Web page caption snippets

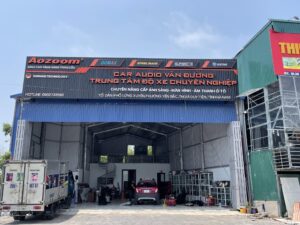 CAR AUDIO VÂN ĐƯỜNG Trung tâm độ xe chuyên nghiệp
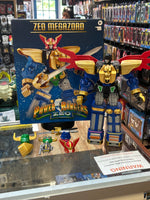 Zeo Megazord with Box (MMPR Zeo, Hasbro) **COMPLETE**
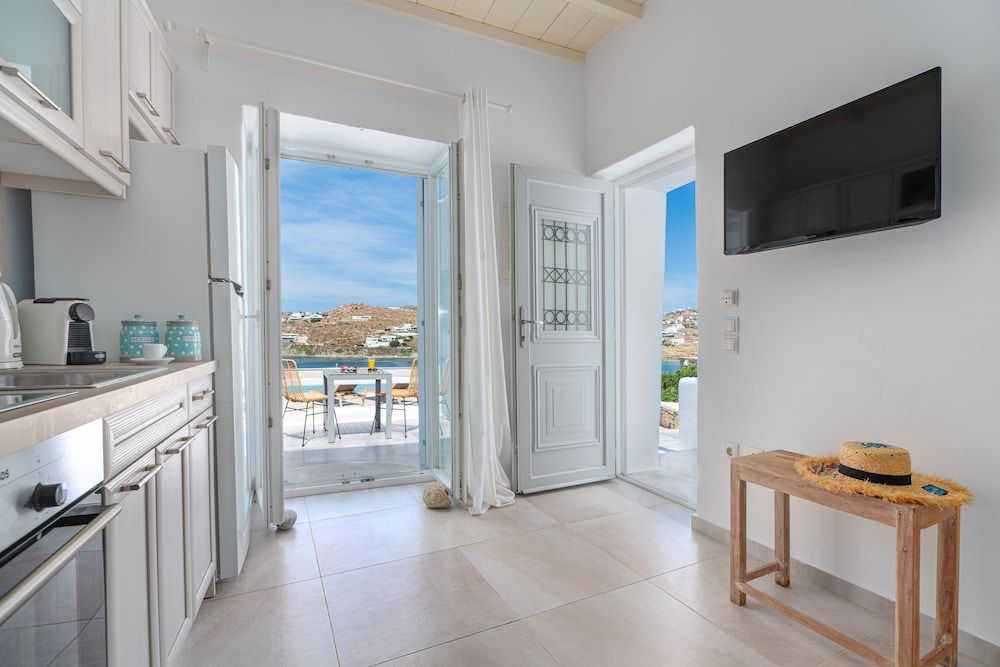 CORFOS BLUE MYKONOS Panoramic Apartment 5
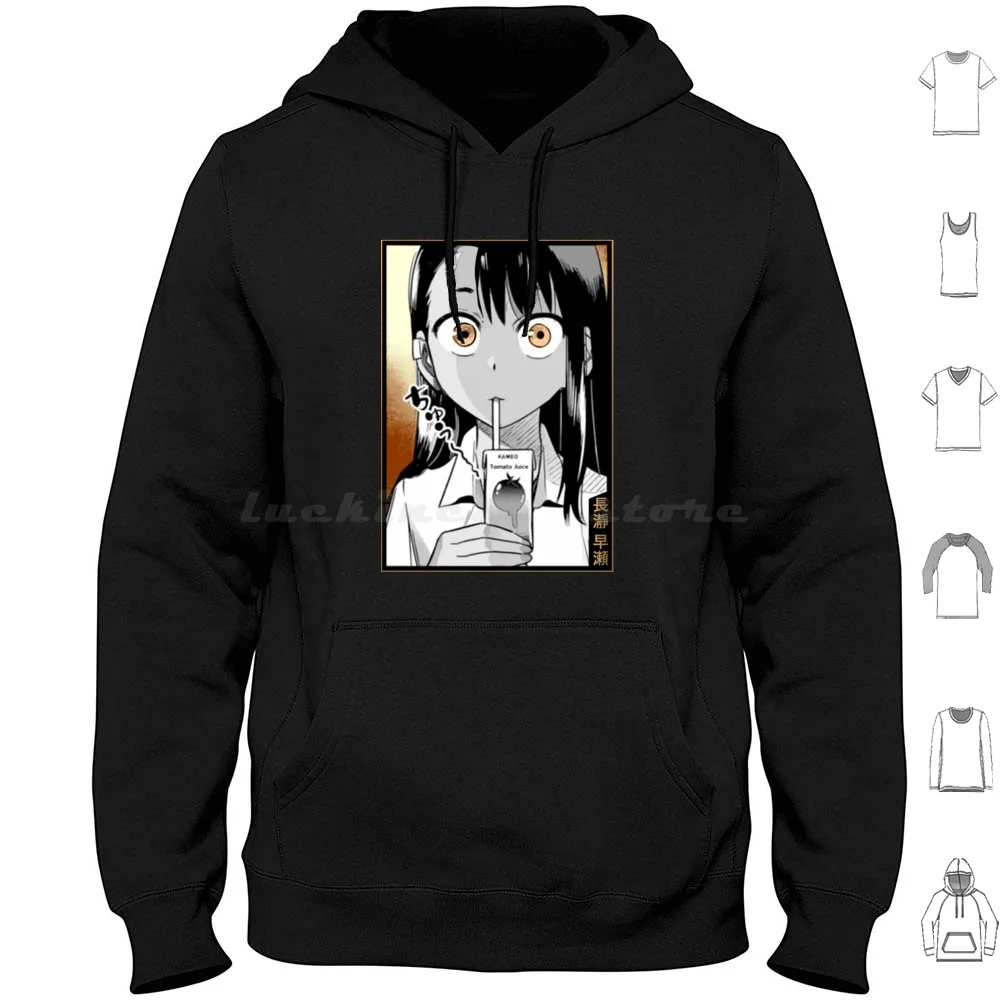 Nagatoro Style Hoodies Long Sleeve Nagatoro Manga Anime Nagatoro San Senpai Please Dont Bully Me Nagatoro Hayase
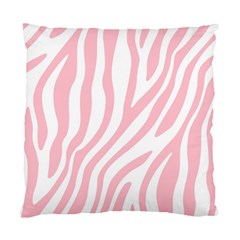 Pink Zebra Vibes Animal Print  Standard Cushion Case (two Sides) by ConteMonfrey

* Prompt
Word for word, restate the lines from the line containing "CORFOS BLUE MYKONOS Panoramic Apartment 5" through the end of the data, including the first and last of them. Pictures stay out.

* Task solution
 CORFOS BLUE MYKONOS Panoramic Apartment 5
 Nagatoro Style Hoodies Long Sleeve Nagatoro Manga Anime Nagatoro San Senpai Please Dont Bully Me Nagatoro Hayase
 Pink Zebra Vibes Animal Print  Standard Cushion Case (two Sides) by ConteMonfrey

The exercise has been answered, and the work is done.